Theorem. Let $(a_1,b_1),\dots,(a_n,b_n)$ be a sequence of points in ${\mathbb{Z}}_p^2$ with $n\geq 2p-1$. Then there is a non-empty subset $A\subset\{1,2,\dots,n\}$ such that $\sum_{i\in A}(a_i,b_i)=(0,0)$.

The short proof wasn't short in absolute terms, but was short if you were prepared to accept the following result of Noga Alon, known as the combinatorial nullstellensatz.

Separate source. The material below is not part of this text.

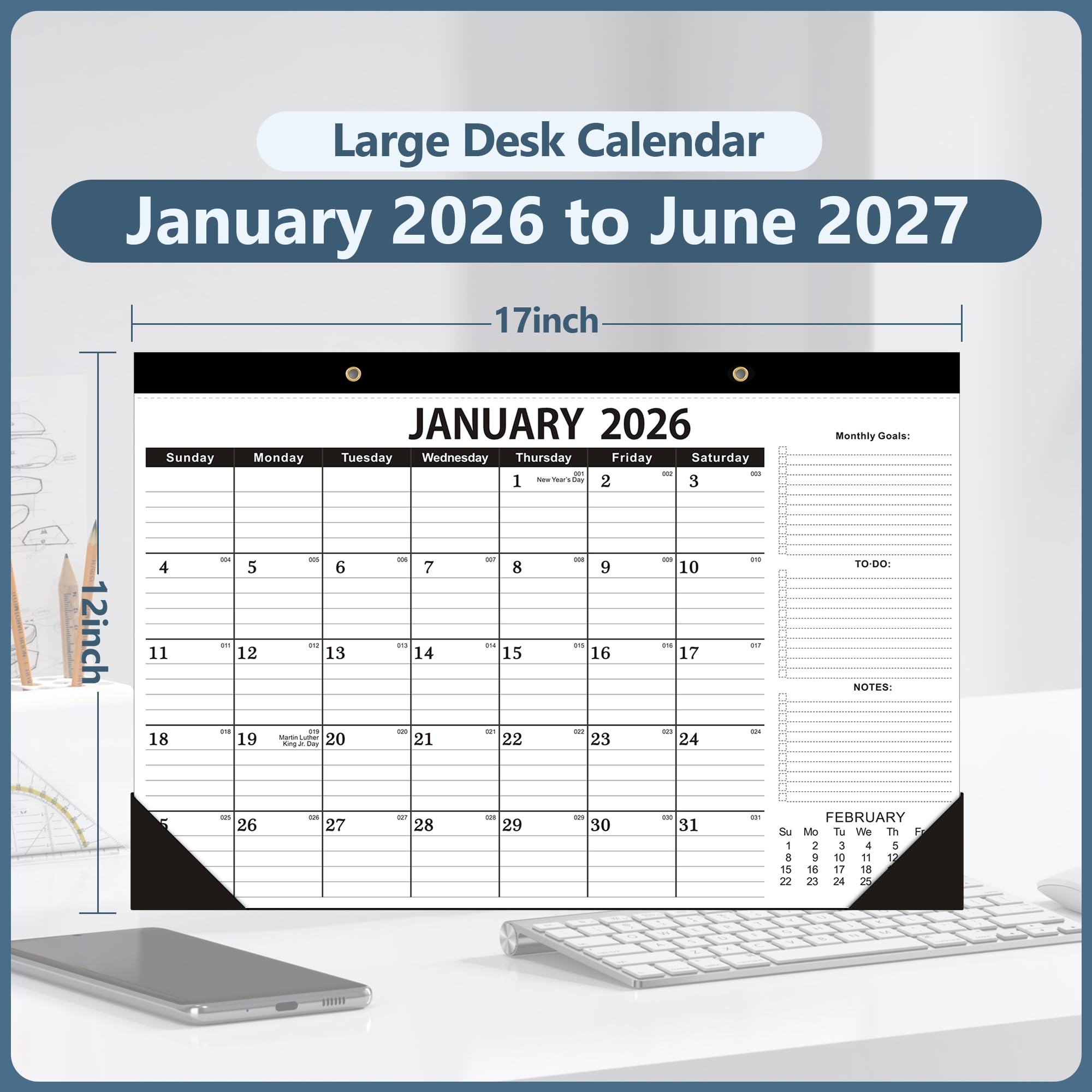 Tischkalender 2024–2025, 2025, Kalender 2024–2025, Oktober 2024 bis März 2026, großer Tischkalender 2025 als Bürokalender, Lehrertischkalender oder Schultischkalender (1 Packung)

Theorem. Let F be a field and let P be a polynomial in n variables $x_1,\dots,x_n$ over F. Let $x_1^{t_1}\dots x_n^{t_n}$ be a monomial of maximal total degree $t_1+\dots+t_n$ that occurs in P with a non-zero coefficient, and let $S_1,\dots,S_n$ be subsets of F such that $|S_i|>t_i$ for every i. Then there exist $s_i\in S_i$ such that $P(s_1,\dots,s_n)\ne 0.$

Once you have the combinatorial nullstellensatz, the special case of Olson's theorem (and I think the whole theorem) is reduced to a nice exercise: basically, once you sit down and think about it you quickly see that it makes sense to choose each $S_i$ to be {0,1}, and then a few simple tricks using Fermat's little theorem (the polynomial $1-x^{p-1}$ is zero if $x\ne 0$ and 1 otherwise) you can finish off quite easily.

This method is known as the polynomial method. My question is not how to apply the combinatorial nullstellensatz. It's how to recognise, when you see a problem, that the polynomial method might work. In this case, once you have that clue, it's easy to finish off. But how do you manage if there's nobody there to give you the clue?

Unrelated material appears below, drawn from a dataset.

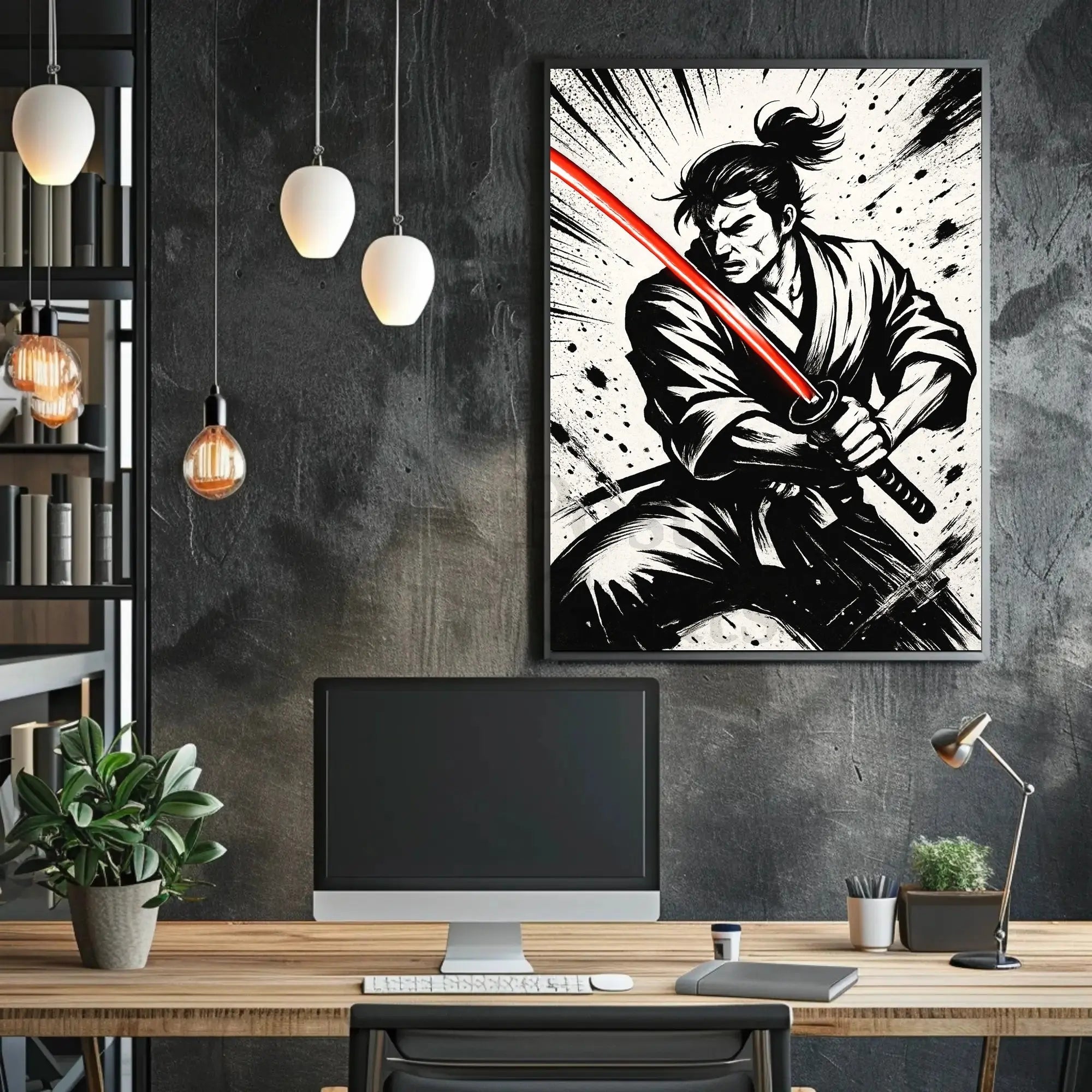Samurai with Red Sword Futuristic Sci-Fi Poster PosterGoat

I'm interested in this question in general: I've always found spotting that mathematical results can be used quite a difficult process -- somehow I have to do it for myself in one problem before I truly understand how to do it in other problems. And here's a good example where I have never spotted how to use the result. And had I been faced with the task of proving Olson's theorem, I don't think it would have occurred to me to use it.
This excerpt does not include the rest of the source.